Where a picture appears, leave it out, and transcribe all the lines below exactly.

◆ Data section:
□ □ □

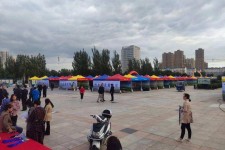 广西通辽伴游雇用(哈尔滨伴游雇用)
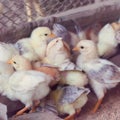 New born chiken. A group of little Bio chickens on a home farm. chicken feeding.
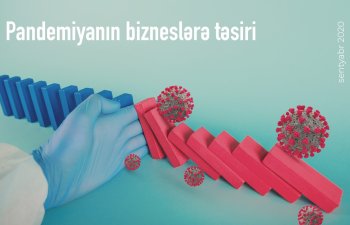 Pandemiya Azərbaycan bloggerlərinin fəaliyyətinə necə təsir edib?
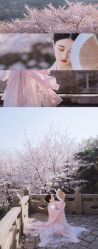 -八角古风摄影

□ □ □

◆ Solution to the problem:
 广西通辽伴游雇用(哈尔滨伴游雇用)
 New born chiken. A group of little Bio chickens on a home farm. chicken feeding.
 Pandemiya Azərbaycan bloggerlərinin fəaliyyətinə necə təsir edib?
 -八角古风摄影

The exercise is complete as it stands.